Packard, the co-founder and chairman emeritus of the high-technology giant Hewlett-Packard Co., died last month at 83. When his transfer of Hewlett-Packard stock occurs, the Packard Foundation's assets are expected to be about $7 billion, second in the United States only to the Ford Foundation.
Since its creation in 1964, the Packard Foundation has been a supporter of the arts, community organizations, conservation efforts, education, health care, population study and science. It has handed out $461 million over that time and plans to award $100 million more this year.
In education, most Packard Foundation grants are targeted on math and science programs in higher education. But K-12 schools are receiving a growing share.

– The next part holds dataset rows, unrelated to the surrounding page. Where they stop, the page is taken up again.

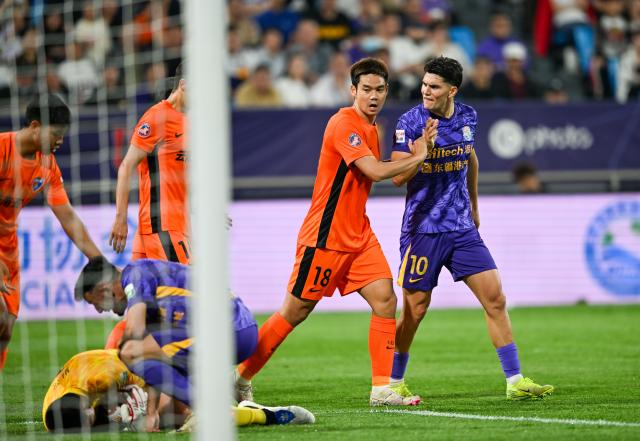 (250511) -- TIANJIN, May 11, 2025 (Xinhua) -- Cristian Salvador (R) of Tianjin Jinmen Tiger reacts during the 12nd round match between Tianjin Jinmen Tiger and Yunnan Yukun at the 2025 season Chinese Football Super League (CSL) in north China's Tianjin, May 11, 2025. (Xinhua/Sun Fanyue)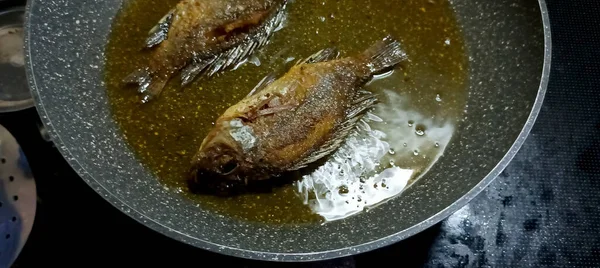 Kavrulmuş tilapia balığı. Mutfak ocağında yağlı bir tavada pişiyor..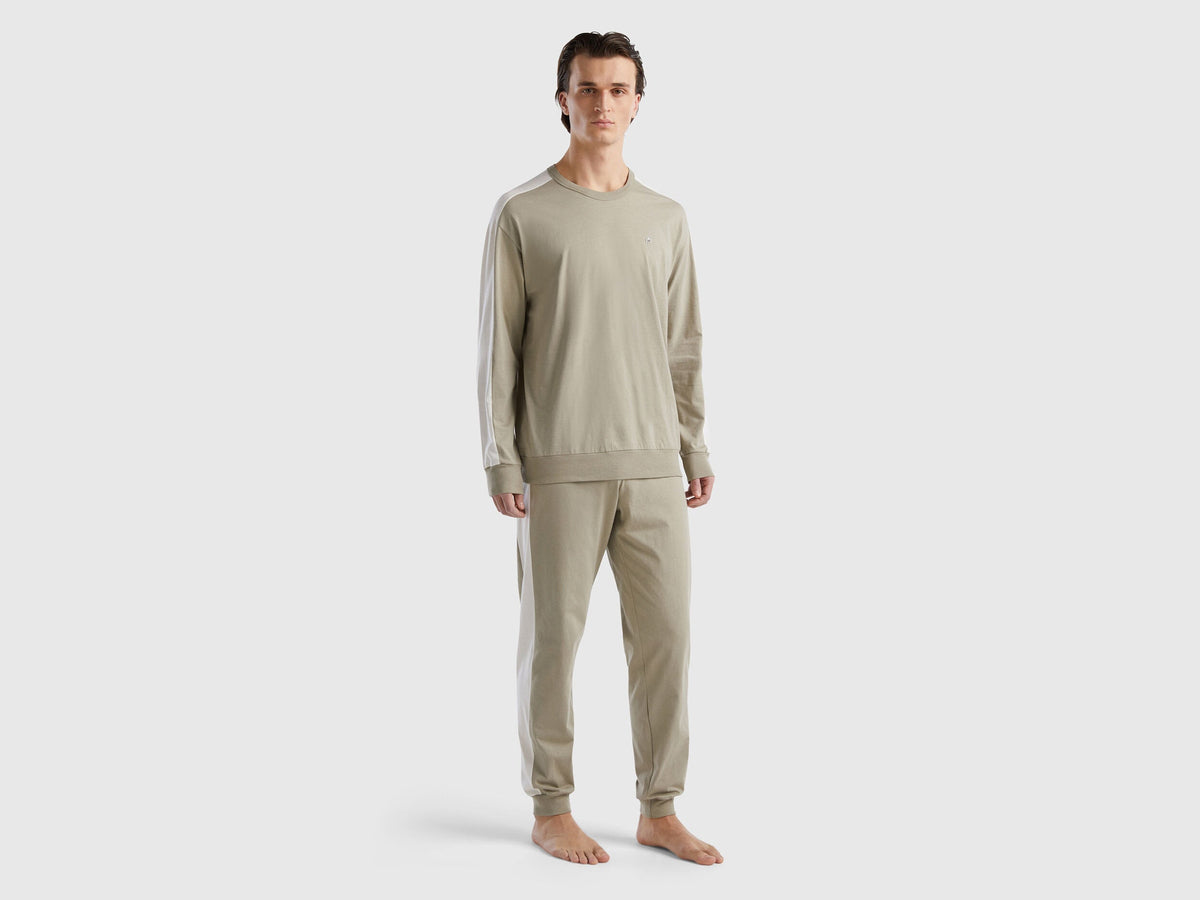 Front view of a man wearing beige pyjamas with side stripes in Kuwait.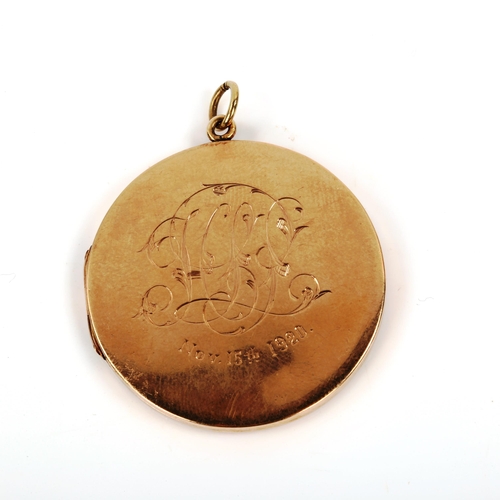 416 - An early 20th century 9ct rose gold photo locket pendant, maker's marks A&W, pendant diameter 35.9mm... 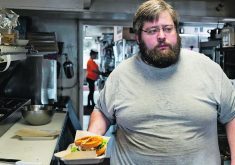 Brady Peterson, owner and chef of Pete’s, a barbecue restaurant, prepares a sandwich in Smith Center, Kansas. His business is one of many feeling the pinch as American farmers face falling incomes.  |  Reuters/Heather Schlitz photo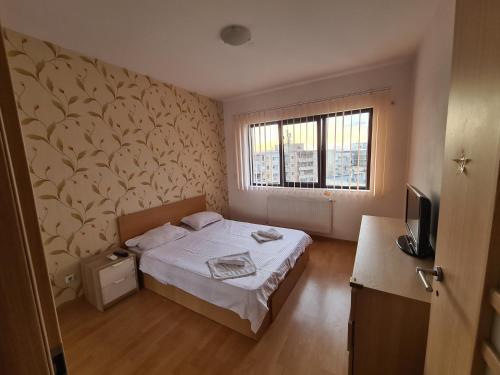 a small bedroom with a bed and a window at Lujerului residence in Bucharest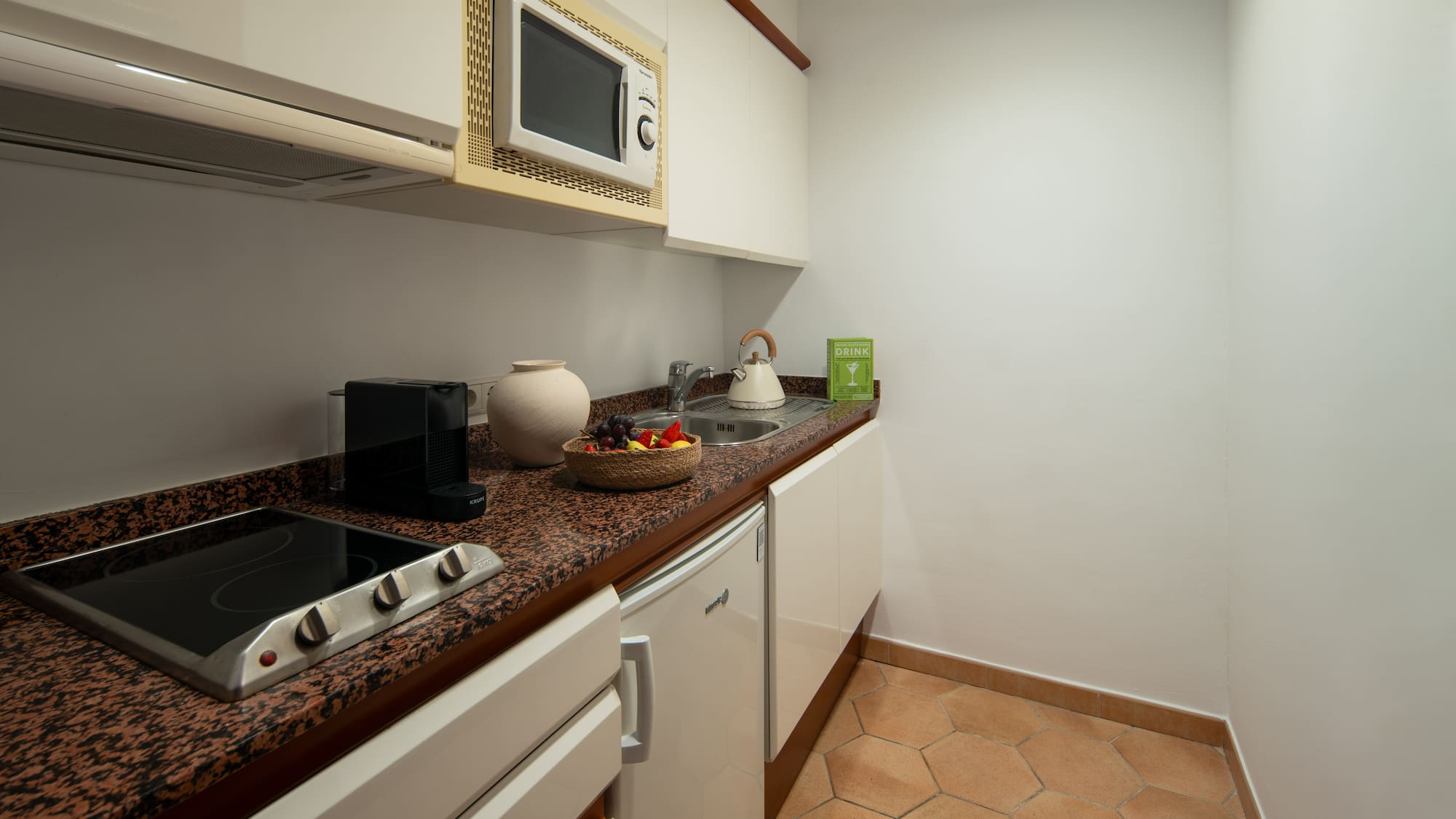 a kitchen with white cabinets and a bowl of fruit on a counter top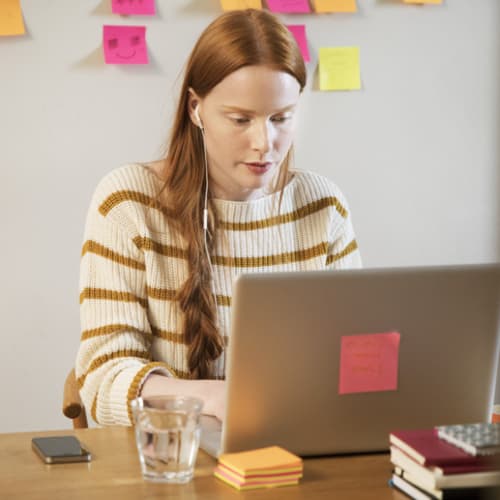 Female editor sitting at a desk with her laptop and notes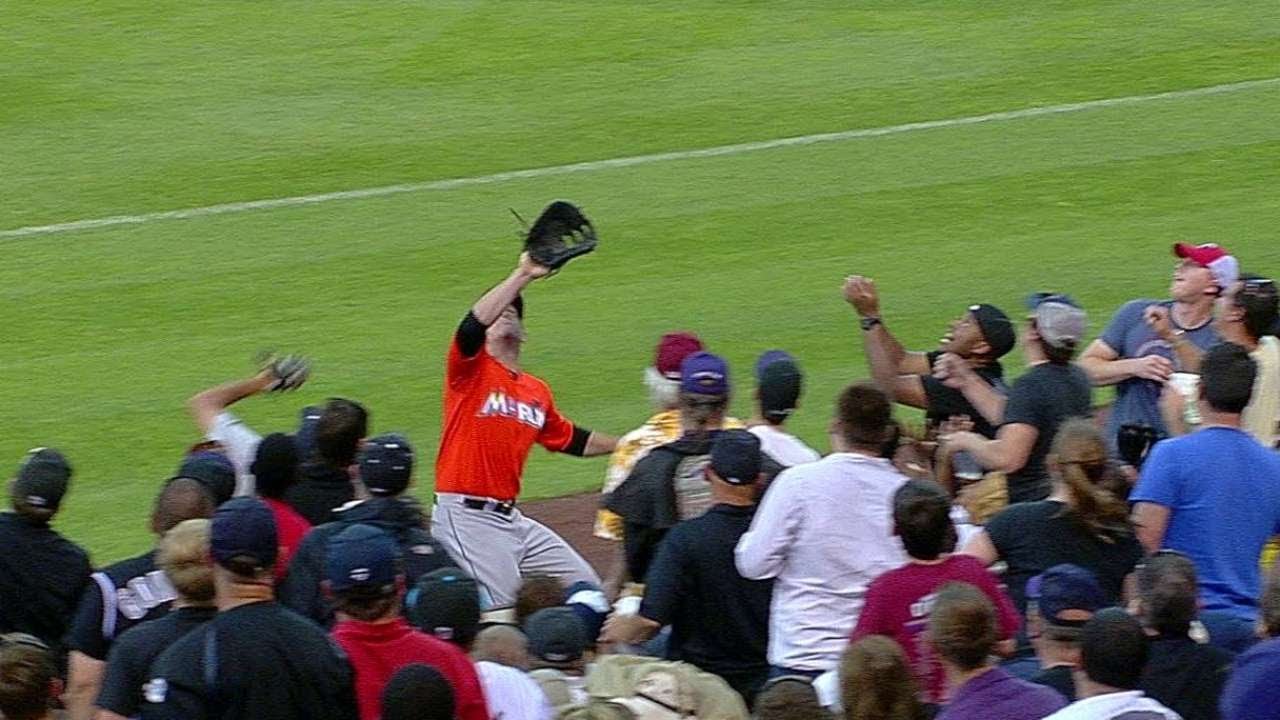 MIA@COL: LoMo tracks fly ball into stands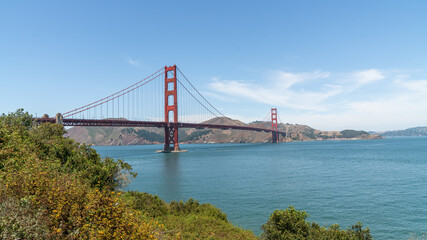 San Francisco, USA - August 2019: Golden Gate Bridge on a sunny summer day. The Golden Gate Bridge is a suspension bridge spanning the Golden Gate.
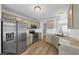 Modern kitchen features stainless steel appliances, granite countertops and tile backsplash at 109 Rockefeller Ln, Dallas, GA 30157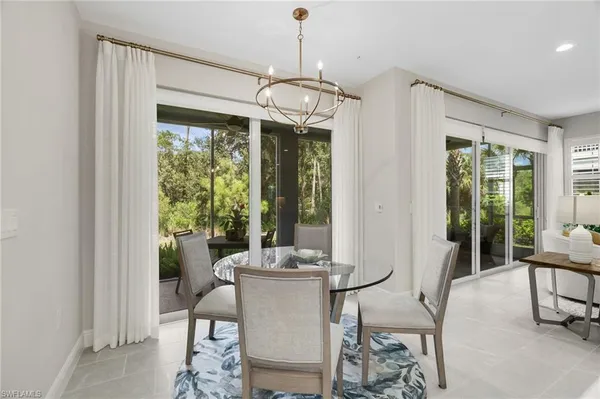 a dining room with furniture window and outside view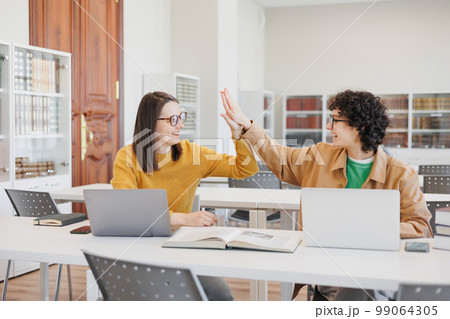 Two female students give high fives and rejoice at victory in creative project 99064305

Foundation guidelines put a special emphasis on helping schools that serve minority, non-English-speaking and low-income communities.
Past foundation efforts have been concentrated in Northern California. But that shouldn't discourage LAUSD officials from acting. Grant proposals should be lined up and officials prepared to go after the money, even if it has strings attached. Certainly the fund's trustees had in mind schools like many in Southern California when they set their grant priorities. The criteria seem almost ready-made for Los Angeles. The opportunity is in place. The LAUSD must act without hesitation. David Packard would have been disappointed with anything less.